Uno, mediatizado por lo primeros viajes al norte, cuando veníamos a Picos de Europa, un tiempo en que era obligado acercarse a Santander o a algún pueblito de la costa a comer sardinas asadas o cualquier tipo de pescaditos, sugirió que buscáramos una taberna de un puerto para tal menester, pero como había que matar cuatro o cinco pájaros más de un tiro al final elegimos el primer restaurante que tuvimos a tiro en la playa de Laredo. 

Tras la comida, y dado que la chozacar no tiene todavía lavadora :-), buscamos primero, una lavandería; después una óptica, porque mi chica esta mañana había salido a fumarse su acostumbrado cigarrillo matinal y sin comerlo ni beberlo había tropezado y se había ido al suelo de narices; ella no se hizo gran cosa, llenarse la cara de barro, pero sus gafas quedaron como un churro y mi chica sin gafas no ve un pimiento, así que derechito a la óptica; más tarde una peluquería para un servidor que después del rapado al dos que me hice yo mismo en el mes de junio para marcharme a los Alpes no había pisado una y ya no se me veían ni las pestañas con un flequillo a lo Puigdemont que parecía una Cortina sobre mi frente; y tercero o cuarto, no sé yo, localizar un butanero que nos abasteciera de gas.

Y cómo no, llegó incluso la hora de dar una vuelta por la playa. Mis recuerdos de último paseo por aquí, un paseo de unos ochocientos kilómetros, creo, por el Camino Norte de Santiago, eran unas dunas allá donde la playa (¿Cómo era aquello? “Allá, en las tierras altas,/ por donde traza el Duero/ su curva de ballesta”, Machado dixit) traza su curva de ballesta hacia la ría de Treto. Unas hileras de dunas que a la hora tardía en que llegamos ya fue imposible buscarles las cosquillas para sacarles alguna fotografía que mereciera la pena. Y como las dunas no, nos fuimos hacia el mar a ver si caían algunas gaviotas, el ribete de alguna ola, un barco en el horizonte, el color de algunas nubes pintando el cielo. 

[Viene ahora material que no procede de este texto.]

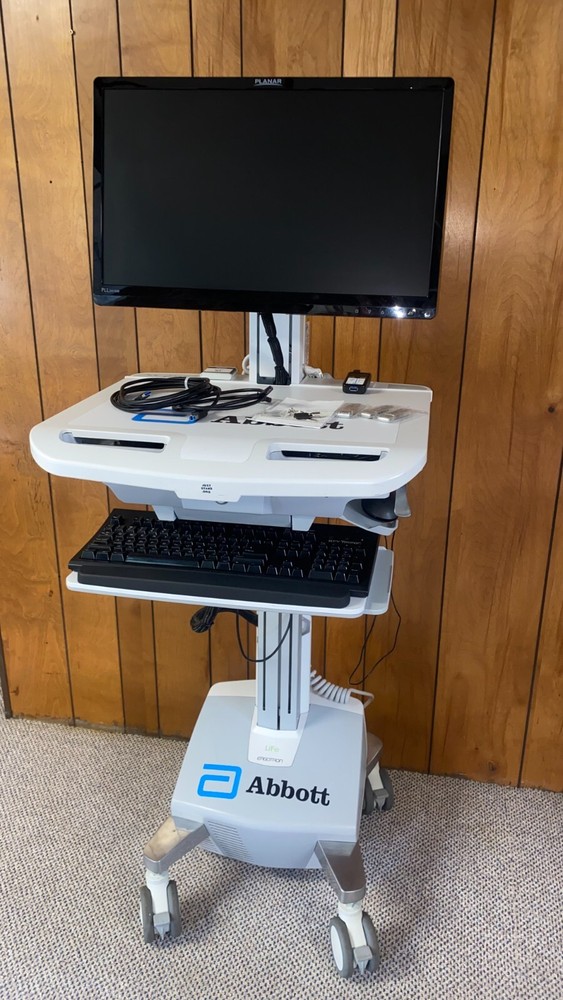 Abbott 2000 RhythmView WorkStation 3D Mapping Electrophysiology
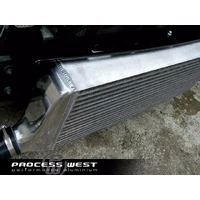 Process West Front Mount Intercooler Kit (WRX/STI 06-07) Silver Core SKU: PWFMIC02.3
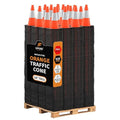 Xpose Safety 18 Inch Orange Traffic Cones 6" Collar by XposeSafety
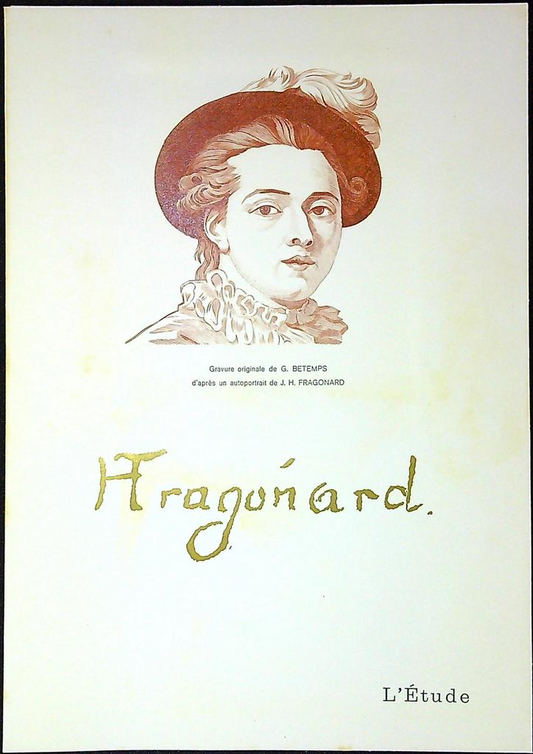 Fragonard Enveloppe Dépliant Timbre 1er jour Encart Fdc Yvert et Tellier
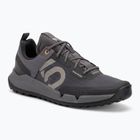 Férfi adidas FIVE TEN Trailcross LT platform kerékpáros cipő faszén/putty szürke/zab szürke/zab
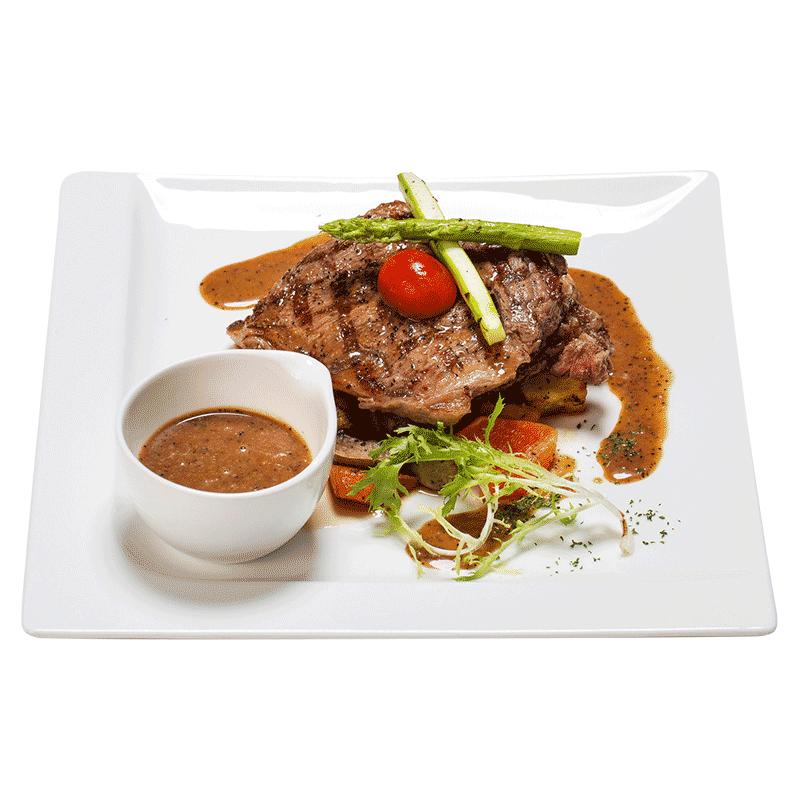 悠司坊澳洲进口黑椒菲力牛排2片装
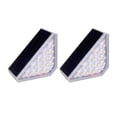 thumbnail image 3 of Solar Stair Lights Solar Powered Deck Lights LED Step Lights Outdoor Step Lights 2Pcs Polysilicon 2V, 3 of 9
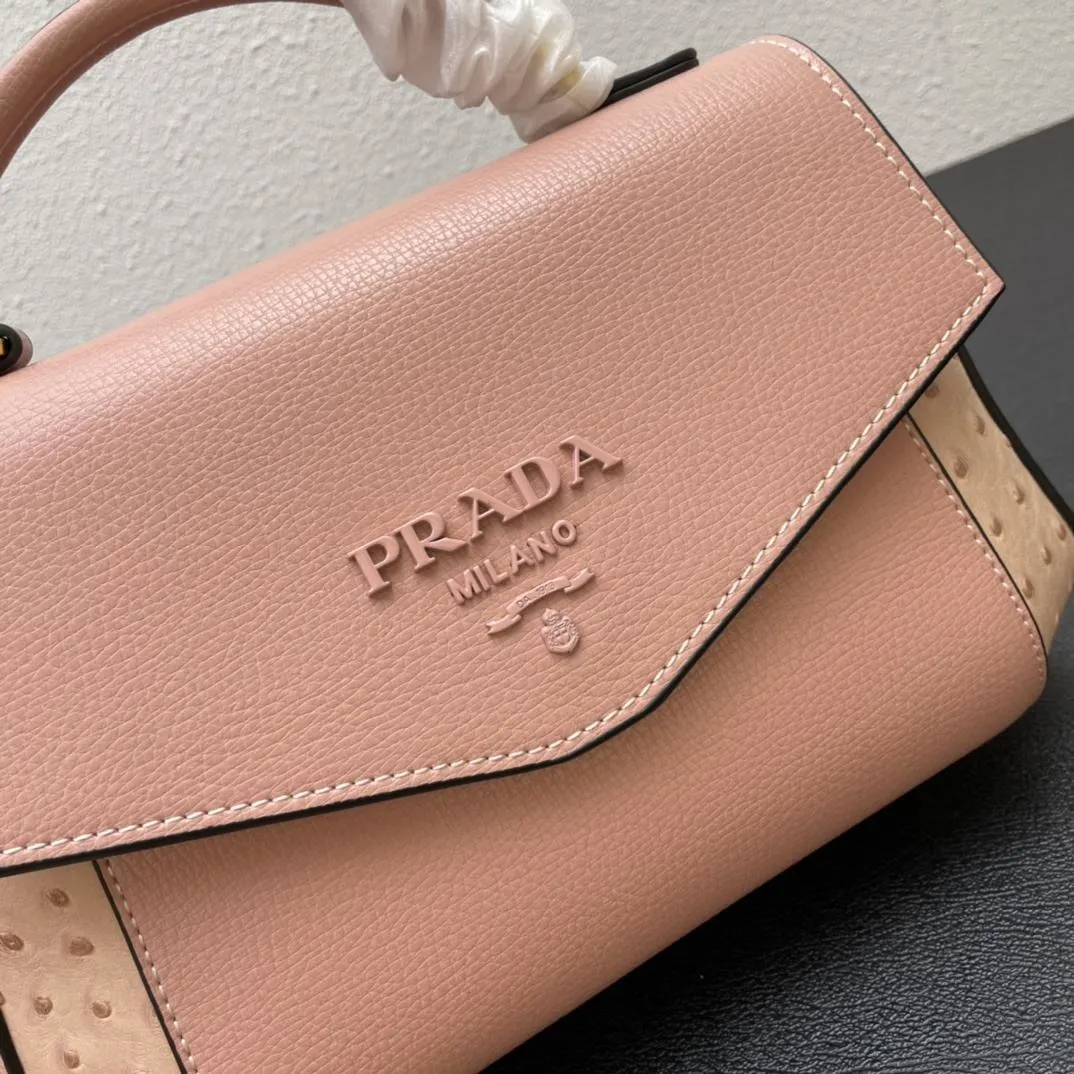 Prada Top Handle Bags-964 - Image 3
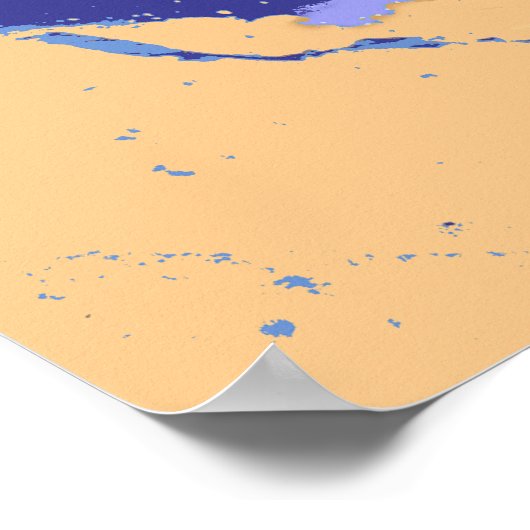 Ski Colorado Funny State Motto Poster (Hoek)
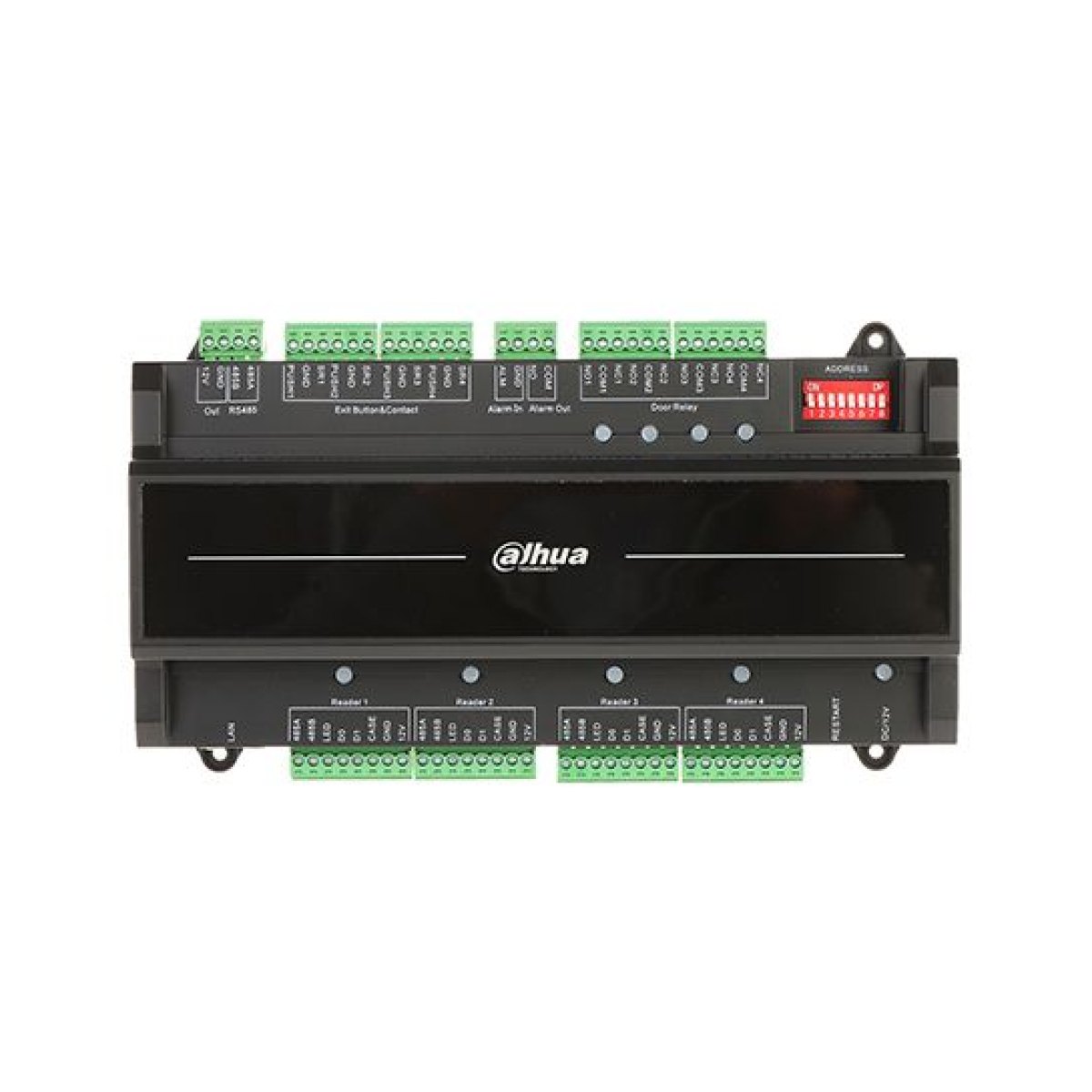 Контроллер доступа Dahua DHI-ASC2204B-S (12В)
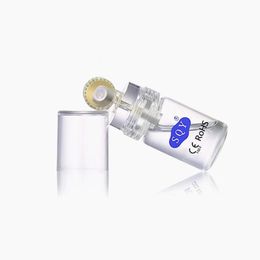 192 Micro Needle Derma Roller Titanium With Bottle Auto Serum Infusion Hydra Roller Acid Skin Care Anti Wrinkle Acne Reduce Pore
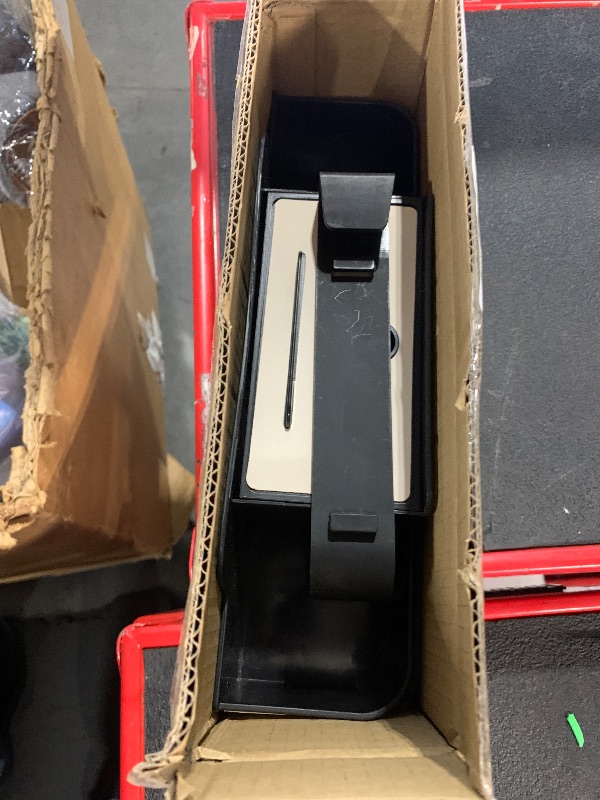 Photo 1 of ***Missing hanger***
toresper Car Back Seat Organizer with Tissue, Car Seat Back Tissue Box and Storage Hook, Multifunctional Car Organizer for Hold Phone,Drinks,Handbag,Compatible with Most Vehicles (Beige)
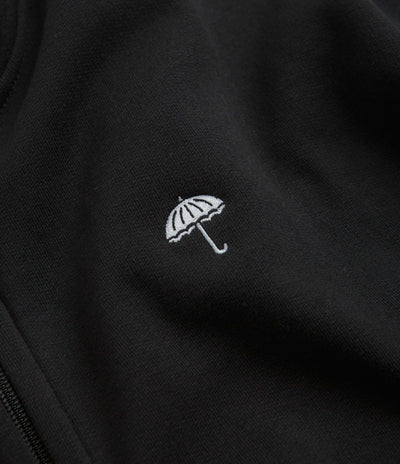Helas Classic Full Zip Sweatshirt - Black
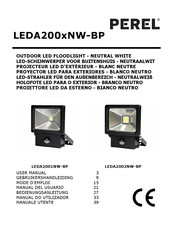 Perel LEDA2001NW-BP User Manual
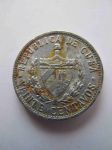 Монета Куба 20 сентаво 1969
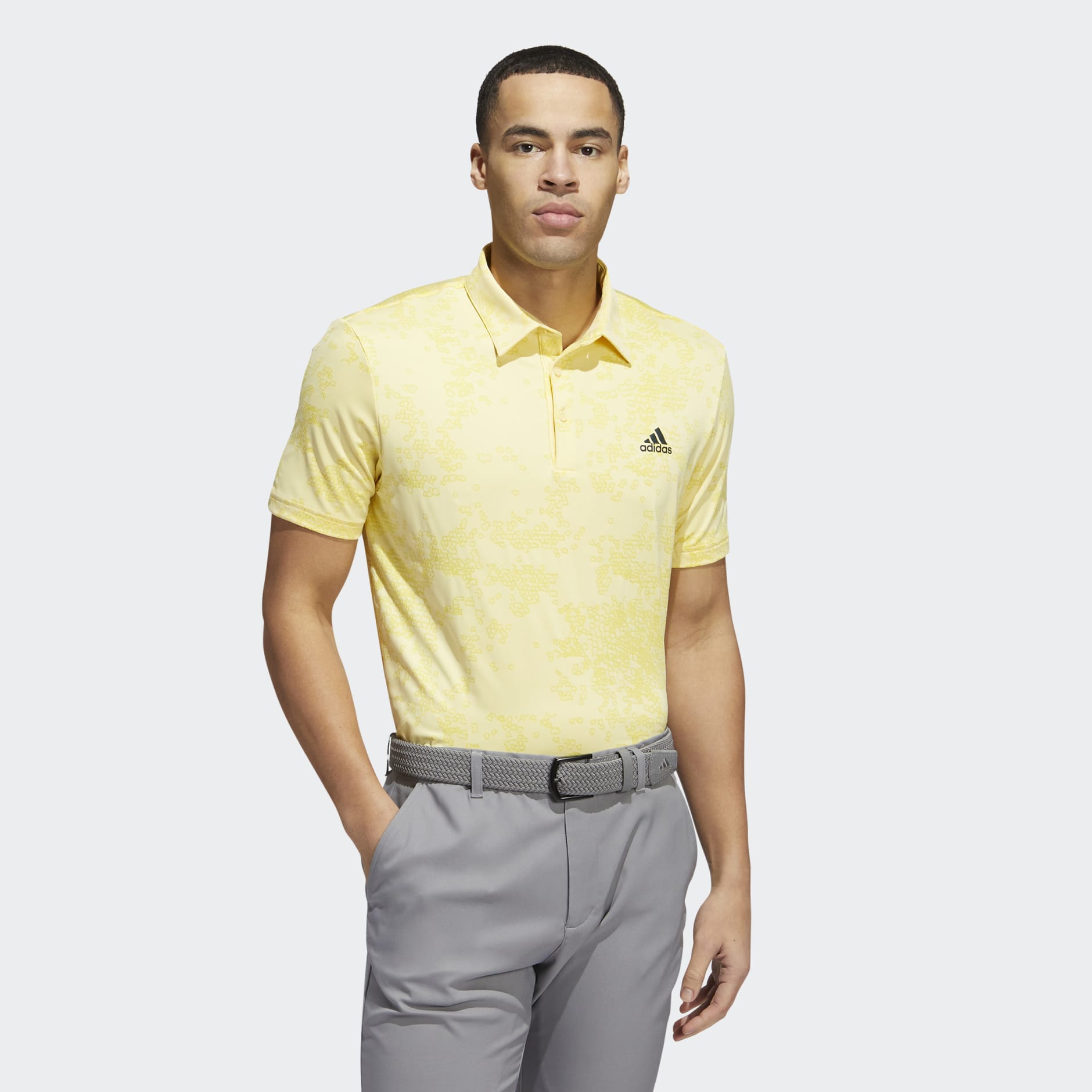 Jacquard Polo Shirt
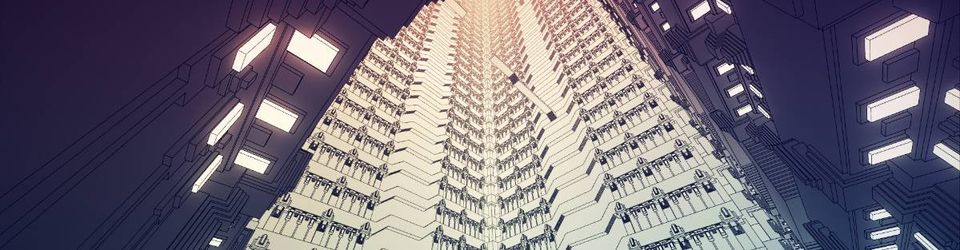 Cover Immensités architecturales dans le JV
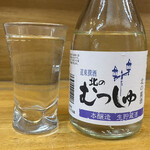 市場亭 - 美味しい日本酒でした。
            酔っ払ったぁ〜 ｸｩｰｯ!!”(*>∀<)o(酒)"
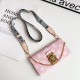 LV & Gucci Mini Crossbody Luxury Phone Case for iPhone & Galaxy S Series - Monogram/GG (5 Colors) 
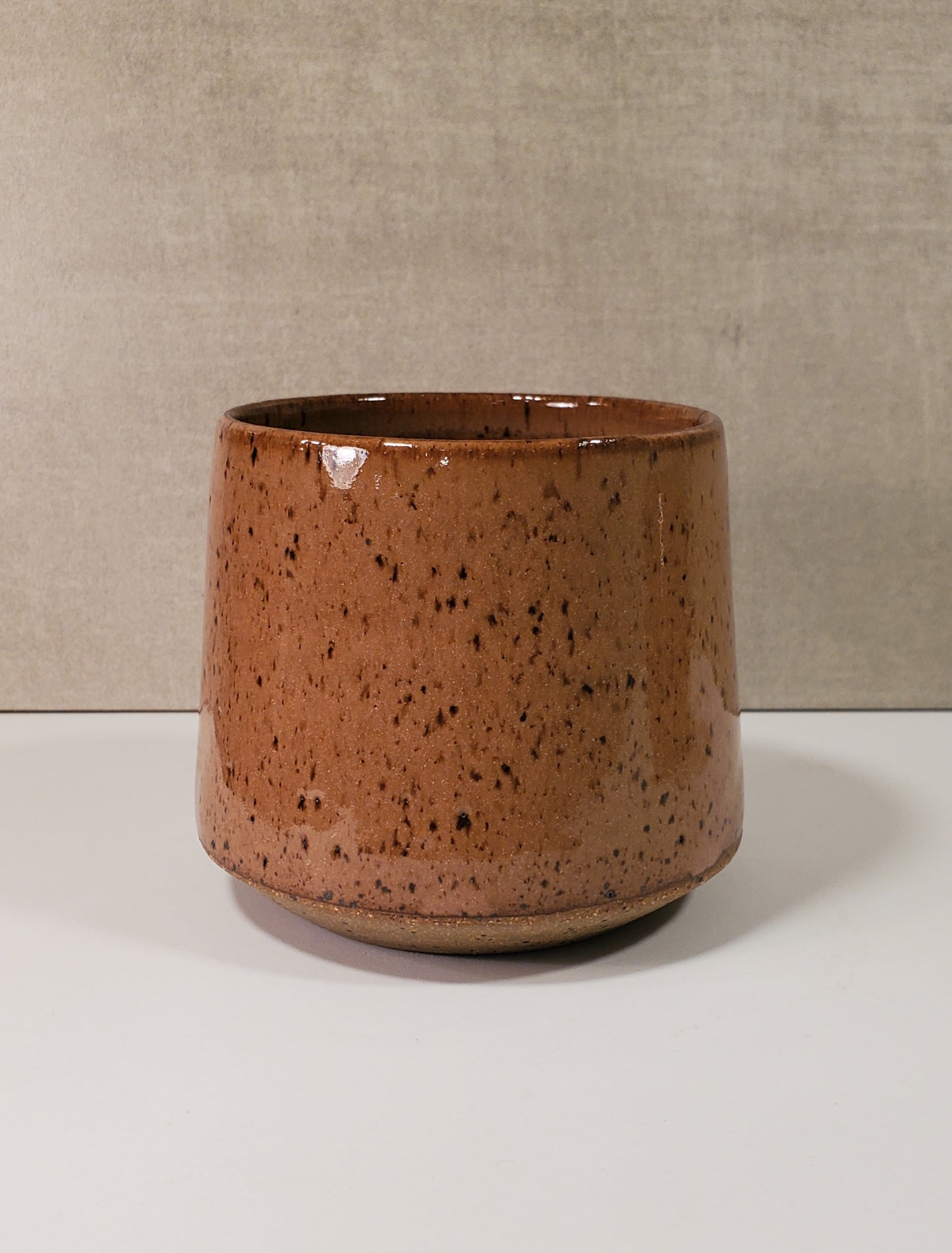 Ceramic Cocktail Tumbler - Sunset Glaze // Colorado Pottery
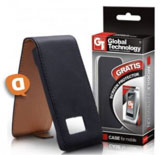 Capa GT Exclusive para Samsung i9300 Galaxy S III Flip Preta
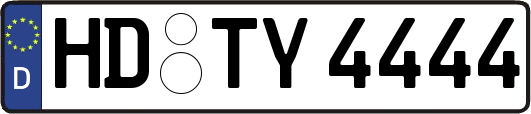 HD-TY4444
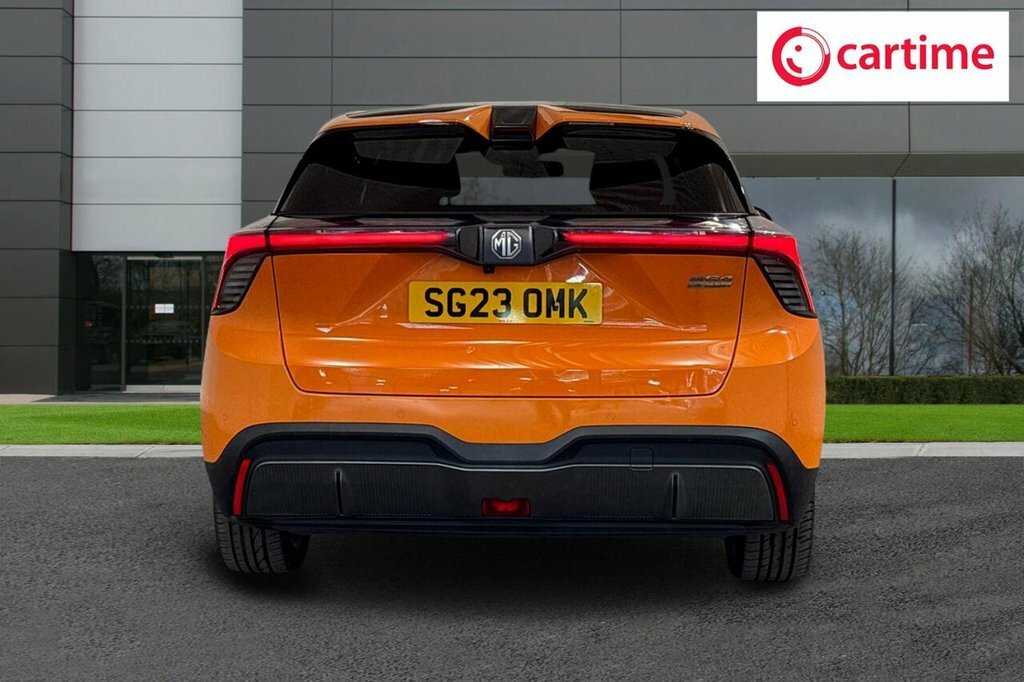 MG MG4 Hatchback SG23OMK Orange #5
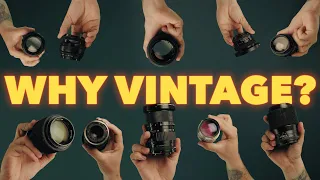Why Vintage Lenses? | Interviewing The Experts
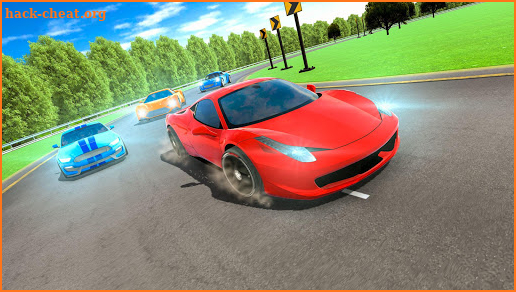 Real Fast Concept Sport Car Racing Track Simulator screenshot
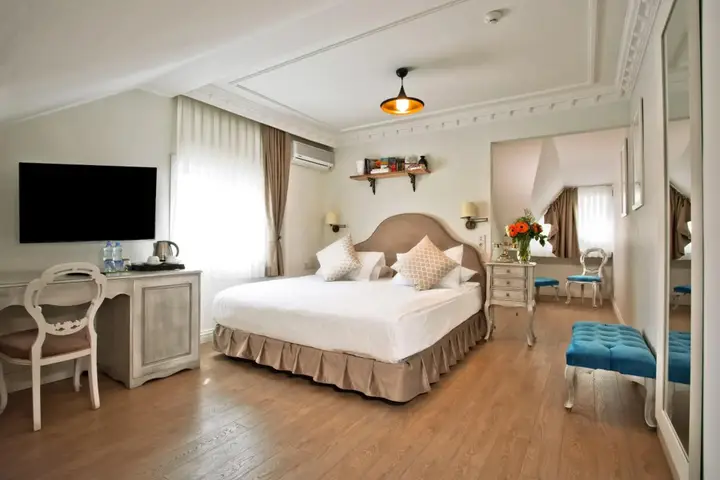 Стамбул: Villa Blanche Hotel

A última hora encontré esta cita de Chateaubrian entre mis notas: «Cada hombre lleva en sí un mundo compuesto por todo aquello que ha visto y amado, adonde continuamente regresa, aun cuando recorra y parezca habitar un mundo extraño». Quizás venga a cuento. Años atrás hice a pie toda la costa del Cantábrico, incluida la gallega desde Vigo, y hoy me esforcé en resucitar alguno de sus tramos, incluido mi paso por Santoña y Laredo. Al decir de Chateaubrian, yo y todo lo que he caminado, visto y amado conmigo va, mi corazón los lleva; de ahí esa pequeña inquietud que me asaltaba hoy intentando rescatar de la memoria el desembarco al otro lado de la ría de Santoña, las dunas, cierto albergue de aspecto señorial. Yo regreso cuanto puedo allí donde fui feliz. Y creo que muchos de mis compañeros de montaña de mi generación hacen otro tanto a menudo cuando en las redes resucitan lugares, daguerrotipos, instantes que fueron la sal de la vida de su juventud y que por tanto lo llevan en sí, son parte ineludibles de nosotros mismos.

Antes de acostarme me fui a dar las buenas noches al mar. Al mar junto al que dormí tantos meses y que daba descanso a mi largas caminatas junto a sus orillas, el Atlántico, el Cantábrico, el Mediterráneo, el mar que vi y amé y al que esta noche oigo bramar en la oscuridad, al mar que como las tormentas es capaz de aquietar nuestros sentidos con el furor y la majestad de su música. Y no me resisto a terminar este post sin aquellos iluminados versos de Keats;


SOBRE EL MAR

Vosotros, que tenéis vuestros ojos cansados e irritados,
haced que se recreen ante la vasta inmensidad del mar.
Vosotros, que tenéis el oído anegado en roncos gritos,
cansados de las mismas melodías,
sentaos cerca de una de esas grutas del mar, y ensimismaos
hasta que os sobresalte algo así como un canto de sirenas.